● What this task involves:
Reproduce word for word every line from the one containing "ノート パソコンを持って美しい女の子 — ストック写真" to the final line of the data below; omit the pictures.

● Available data:
====
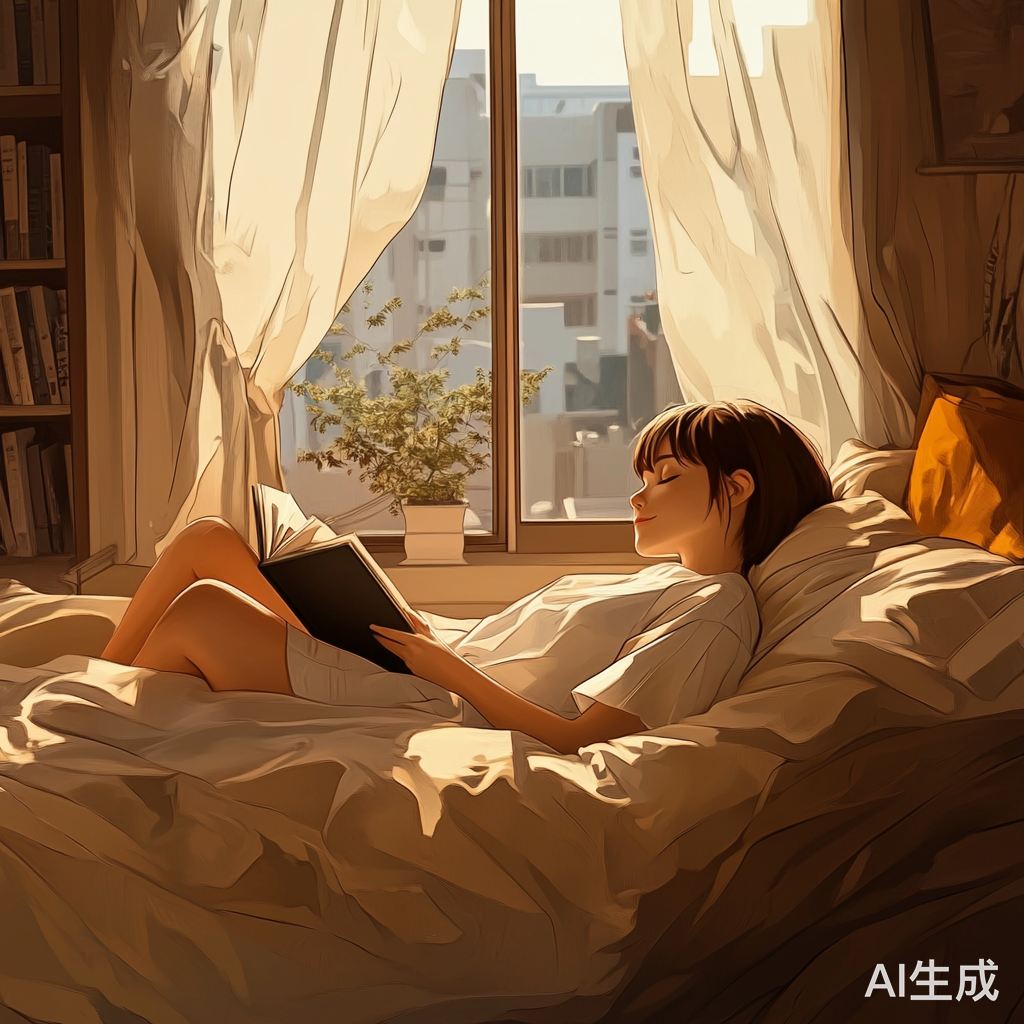 阳光下的短发女孩在书房阅读的插画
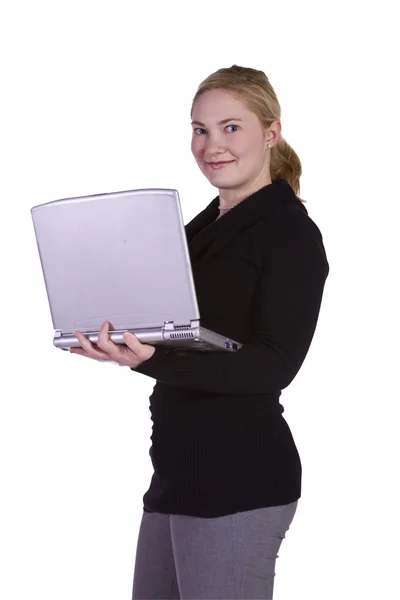 ノート パソコンを持って美しい女の子 — ストック写真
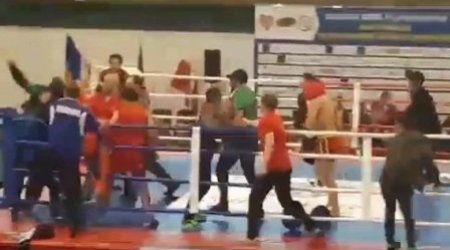 Avropa Çempionatında azərbaycanlılarla ermənilər arasında kütləvi DAVA - VİDEO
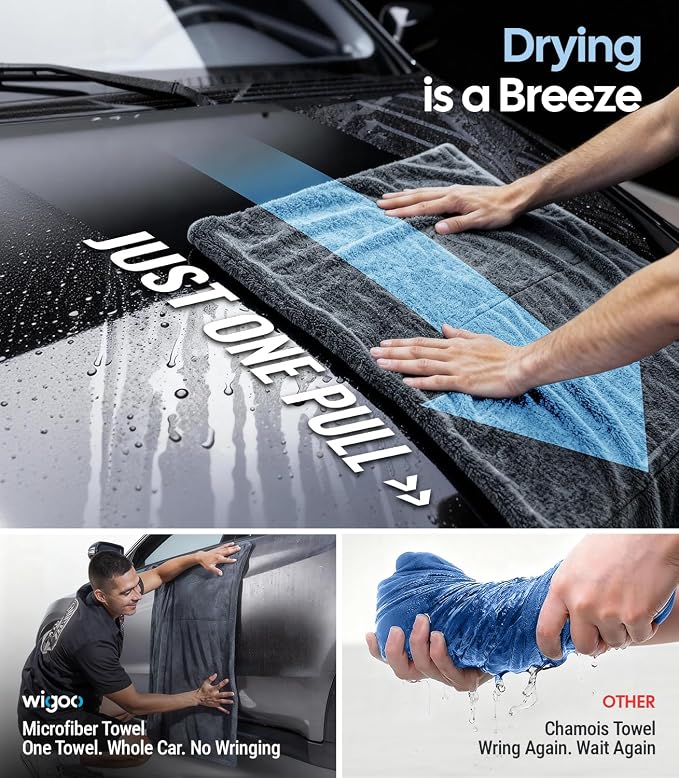 Wigoo Premium Microfiber Car Drying Towel 1300 GSM, 36" x 24" [Ultra-Absorbent, Streak-Free] Dual-Sided Edgeless Cleaning Towels with Twisted Loop, for Auto Detailing, Cars, SUV, Truck (2 Sizes)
====
● Exercise answer:
 ノート パソコンを持って美しい女の子 — ストック写真
 Avropa Çempionatında azərbaycanlılarla ermənilər arasında kütləvi DAVA - VİDEO
 Wigoo Premium Microfiber Car Drying Towel 1300 GSM, 36" x 24" [Ultra-Absorbent, Streak-Free] Dual-Sided Edgeless Cleaning Towels with Twisted Loop, for Auto Detailing, Cars, SUV, Truck (2 Sizes)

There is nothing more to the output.